DES MOINES, Iowa — Marlena Arnold lights up a room. Meeting her now, you’d never guess how dark the last two decades of her life have been. “Back when I was 23 got into heavy alcohol drinking. Like I walked into a bar and didn’t walk out for twenty years,” she admits. “I don’t remember a good 10 years of my life because I blacked out so much.”
She was also in and out of prison and when she got out the last time she ended up at The Beacon. “It’s a place where women can learn and grow and empower each other and get on the right track for a wonderful life.”
The Beacon serves women who are homeless because of addiction, domestic violence, and criminal history. Melissa Vine is the executive director. “I came in July 2020 and it has been a wonderful, messy, beautiful, exciting, terrifying journey figuring out how to run a non-profit,” she says with a laugh.

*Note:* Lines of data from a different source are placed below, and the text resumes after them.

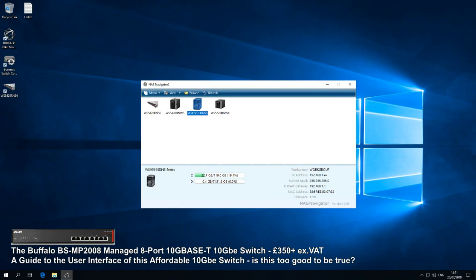Hello and welcome back. Today I want to continue looking at Buffalo devices, but this time I want to move away from Windows Storage Server and focus on another part of the network. When Buffalo asked me to look over some of this stuff and give my honest opinions, included with all of these devices was that switch, the BS-MP2008.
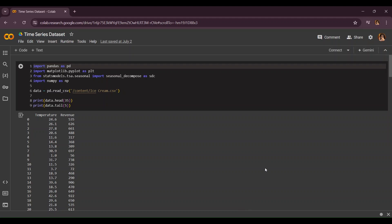Hello everyone and welcome back. Today we're going to be doing another Kaggle dataset for practice. This one is also related to time series but it's about ice cream.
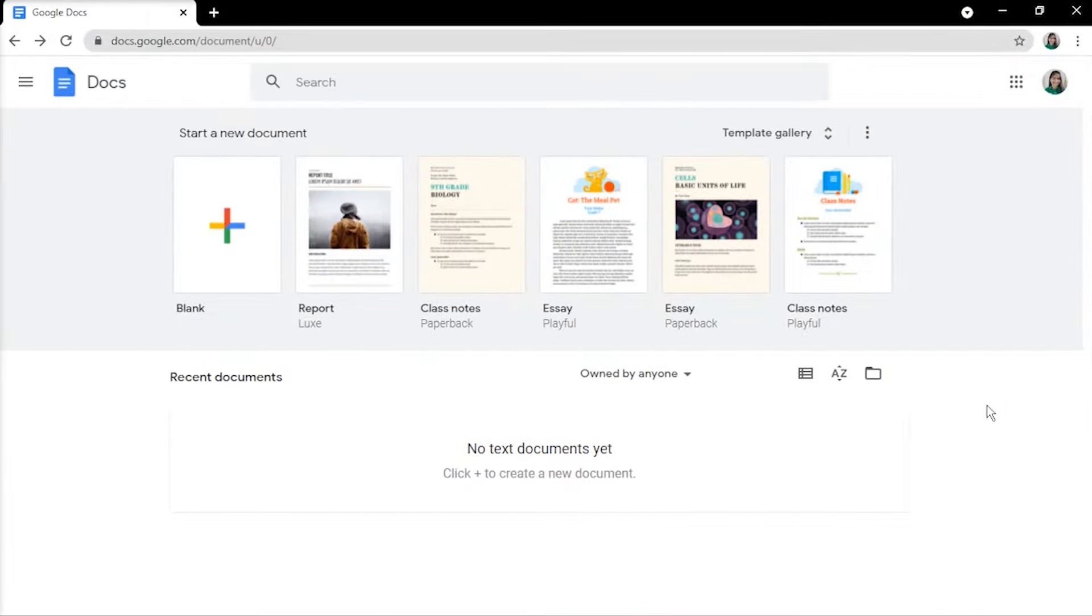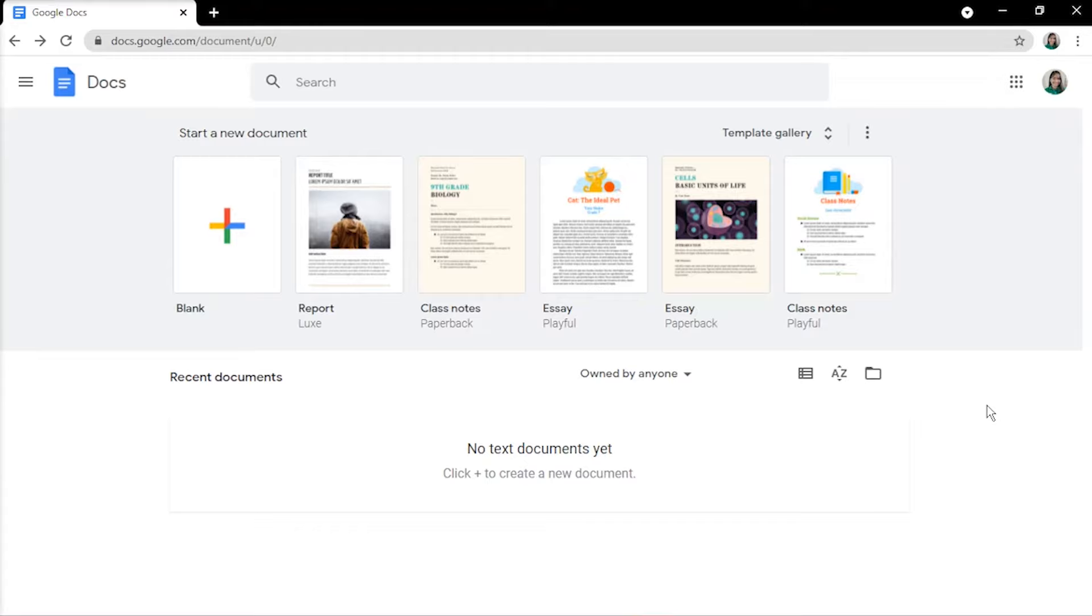Unlike Google Slides, there's currently no option to add a background image to Google Docs. That isn't a feature that Google Docs currently supports. However, you can still create a full-page image in Google Docs, and here's how to do it.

Melissa may not have come to the job with traditional work experience, but she brings something more important — life experience. She says she grew up with an abusive father and as a young woman, married a man just like him. “I didn’t understand domestic violence and I didn’t understand my childhood,” she says, “when I made the decision to separate from my former husband, I went from being wealthy to being in poverty overnight.”
She had four little boys and after being a stay-at-home mom for 10 years, no career resume. “I had to get a job quickly,” she remembers, “first I worked as a clerk in a grocery store and eventually I became a victim advocate for domestic violence and sexual assault.”
She also finished her Master’s degree, became a licensed mental health counselor, and started small businesses. Her friend Lisa Behrends was there for it all. “This has been an honor and a privilege because I’ve been able to see the journey,” she says through tears, “it’s pretty cool. She has gone from lowest of low to working her way out of that and trying to make the world a better place by empowering other women.”
It’s why she nominated Melissa to be a WHO 13 Remarkable Woman and it’s no surprise that the women she serves also think she’s remarkable. “Melissa is amazing,” says Marlena, “she has this confidence about you and sees things in you that you don’t see at that moment.”
As if Melissa hasn’t already accomplished enough, she started law school at Drake University last summer. She hopes to use her degree to continue lifting up women in Central Iowa.